> [Directions for this task]:
Please output every record below exactly as written, leaving out any pictures.

#### Records shown ####

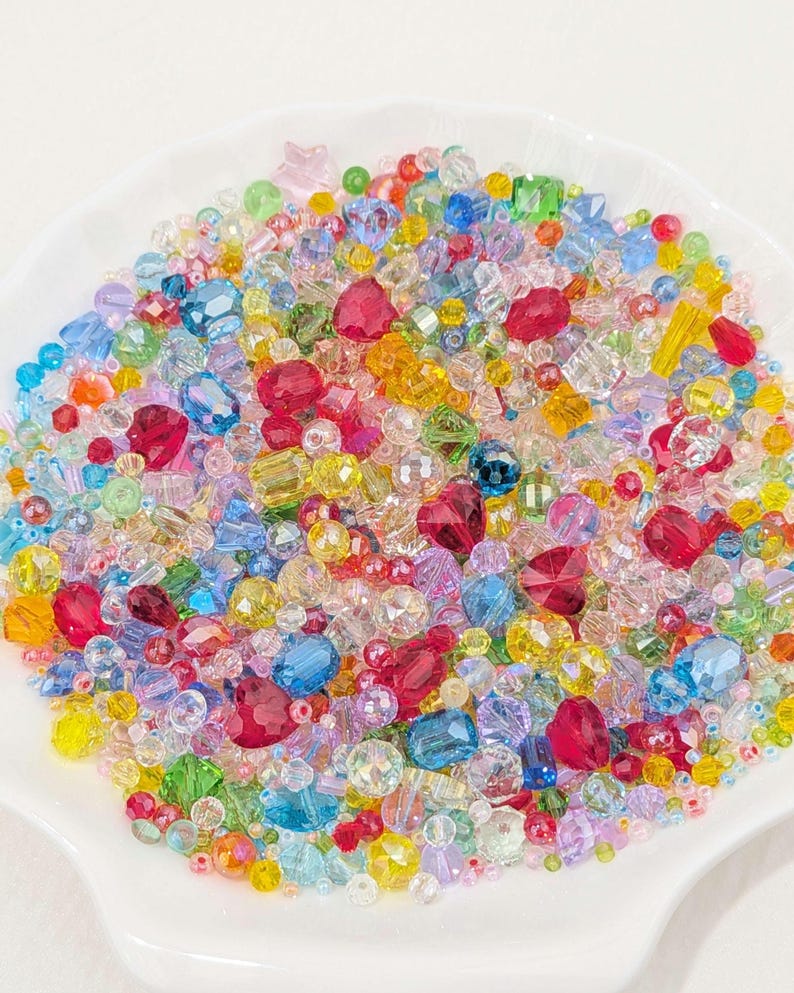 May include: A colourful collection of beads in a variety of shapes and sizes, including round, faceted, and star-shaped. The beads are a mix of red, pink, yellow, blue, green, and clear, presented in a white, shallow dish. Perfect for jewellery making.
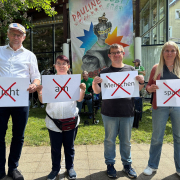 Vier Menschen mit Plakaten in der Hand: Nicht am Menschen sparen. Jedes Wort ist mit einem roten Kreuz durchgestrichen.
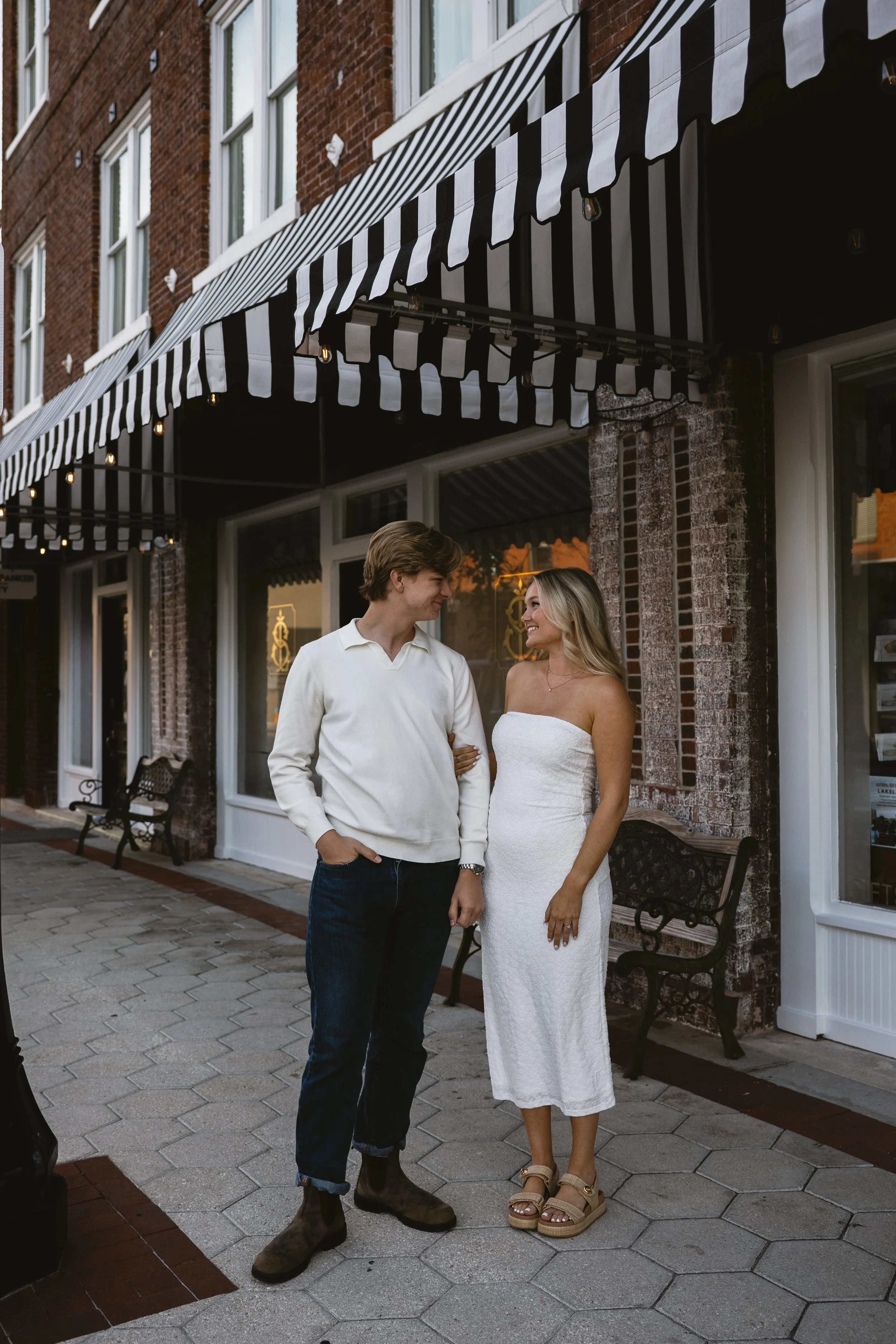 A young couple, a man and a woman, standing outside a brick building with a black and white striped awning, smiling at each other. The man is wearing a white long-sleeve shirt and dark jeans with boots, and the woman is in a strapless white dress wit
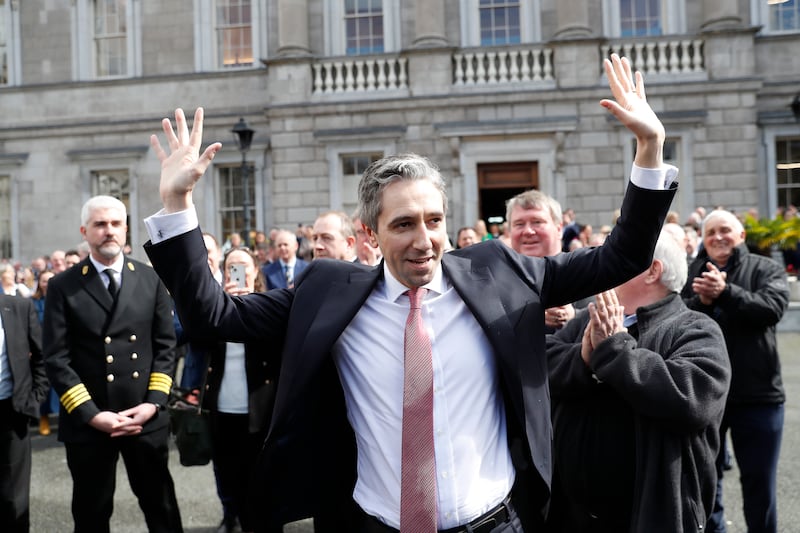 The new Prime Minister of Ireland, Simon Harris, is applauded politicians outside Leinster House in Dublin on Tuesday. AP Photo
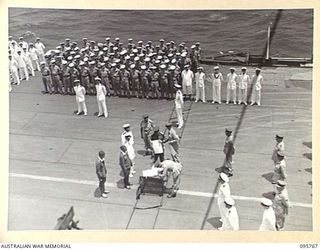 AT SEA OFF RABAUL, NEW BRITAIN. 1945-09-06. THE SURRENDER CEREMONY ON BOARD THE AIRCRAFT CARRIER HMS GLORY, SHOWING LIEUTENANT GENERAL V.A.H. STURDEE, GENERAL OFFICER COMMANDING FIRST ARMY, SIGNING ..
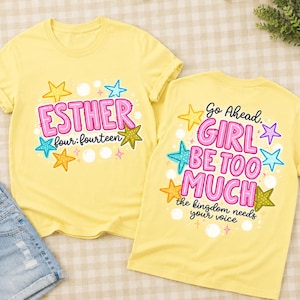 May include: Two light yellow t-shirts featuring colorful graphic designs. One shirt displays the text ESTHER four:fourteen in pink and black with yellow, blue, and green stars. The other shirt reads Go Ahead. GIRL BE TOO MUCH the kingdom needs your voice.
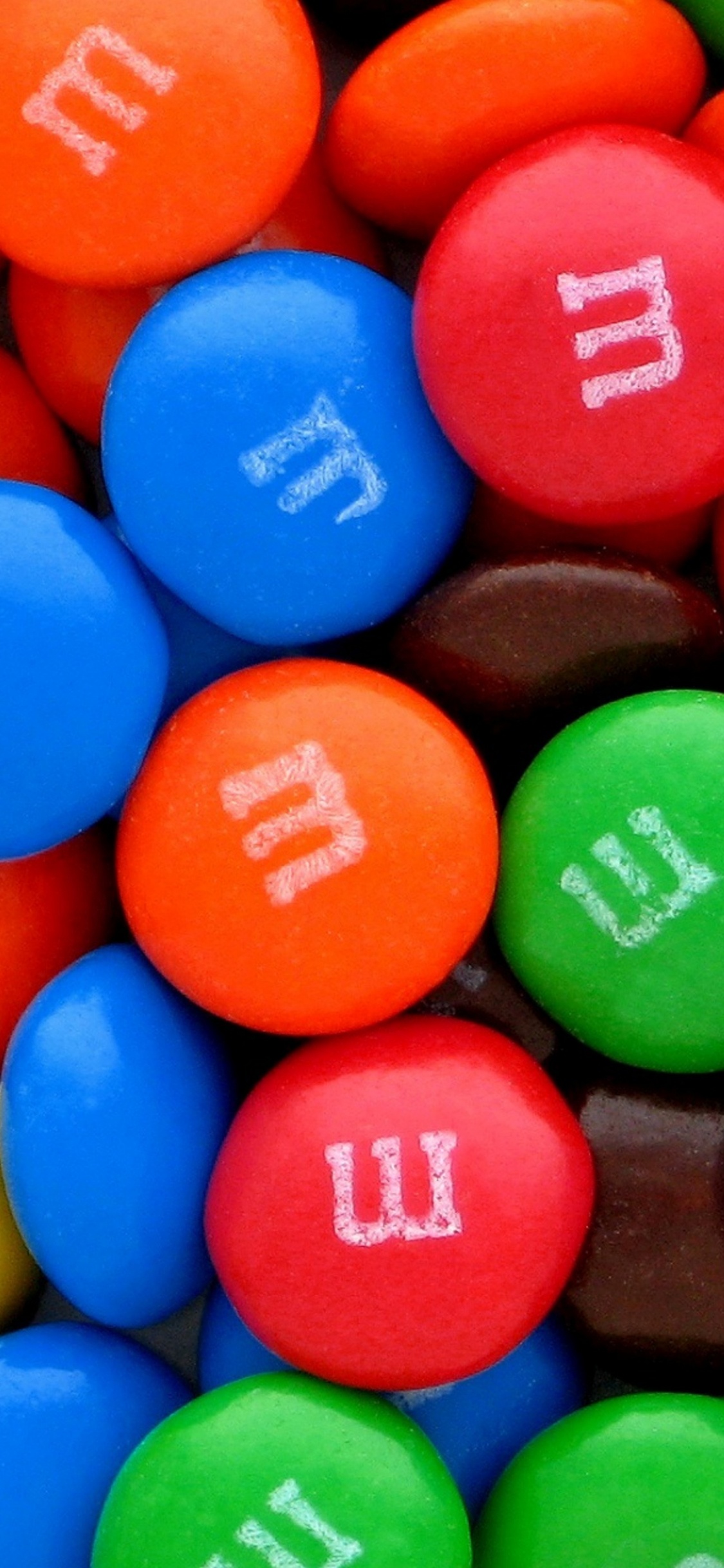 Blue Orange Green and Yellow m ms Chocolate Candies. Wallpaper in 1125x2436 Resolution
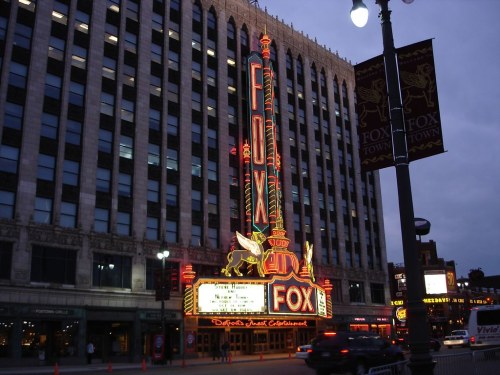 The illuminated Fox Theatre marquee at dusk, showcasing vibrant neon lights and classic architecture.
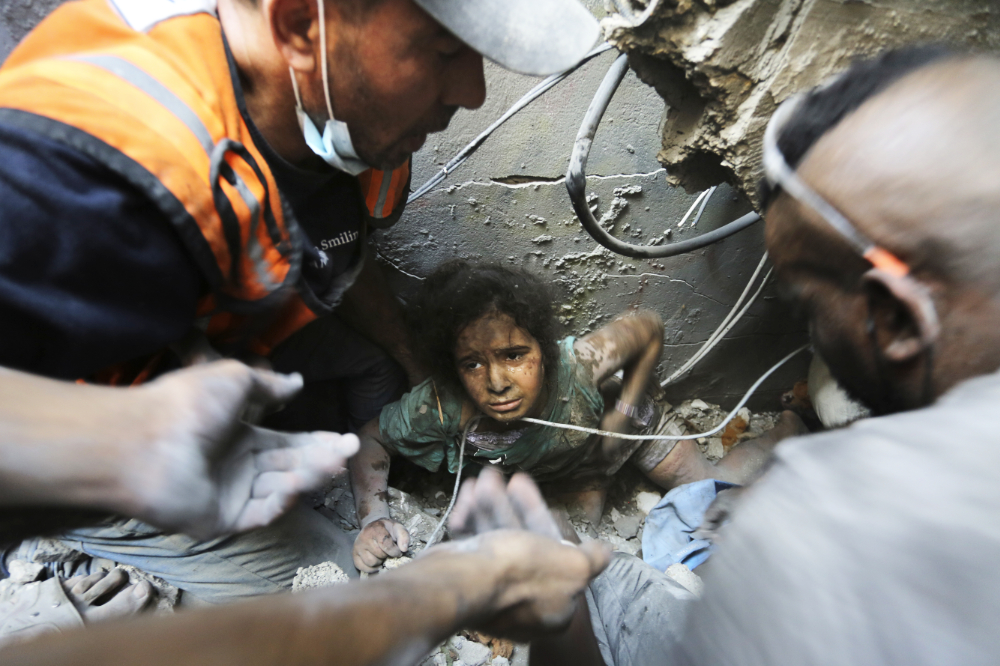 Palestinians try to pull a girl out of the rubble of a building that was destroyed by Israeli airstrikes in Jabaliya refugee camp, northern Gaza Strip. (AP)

####

> [Exercise output]:
 May include: A colourful collection of beads in a variety of shapes and sizes, including round, faceted, and star-shaped. The beads are a mix of red, pink, yellow, blue, green, and clear, presented in a white, shallow dish. Perfect for jewellery making.
 Vier Menschen mit Plakaten in der Hand: Nicht am Menschen sparen. Jedes Wort ist mit einem roten Kreuz durchgestrichen.
 A young couple, a man and a woman, standing outside a brick building with a black and white striped awning, smiling at each other. The man is wearing a white long-sleeve shirt and dark jeans with boots, and the woman is in a strapless white dress wit
 The new Prime Minister of Ireland, Simon Harris, is applauded politicians outside Leinster House in Dublin on Tuesday. AP Photo
 AT SEA OFF RABAUL, NEW BRITAIN. 1945-09-06. THE SURRENDER CEREMONY ON BOARD THE AIRCRAFT CARRIER HMS GLORY, SHOWING LIEUTENANT GENERAL V.A.H. STURDEE, GENERAL OFFICER COMMANDING FIRST ARMY, SIGNING ..
 May include: Two light yellow t-shirts featuring colorful graphic designs. One shirt displays the text ESTHER four:fourteen in pink and black with yellow, blue, and green stars. The other shirt reads Go Ahead. GIRL BE TOO MUCH the kingdom needs your voice.
 Blue Orange Green and Yellow m ms Chocolate Candies. Wallpaper in 1125x2436 Resolution
 The illuminated Fox Theatre marquee at dusk, showcasing vibrant neon lights and classic architecture.
 Palestinians try to pull a girl out of the rubble of a building that was destroyed by Israeli airstrikes in Jabaliya refugee camp, northern Gaza Strip. (AP)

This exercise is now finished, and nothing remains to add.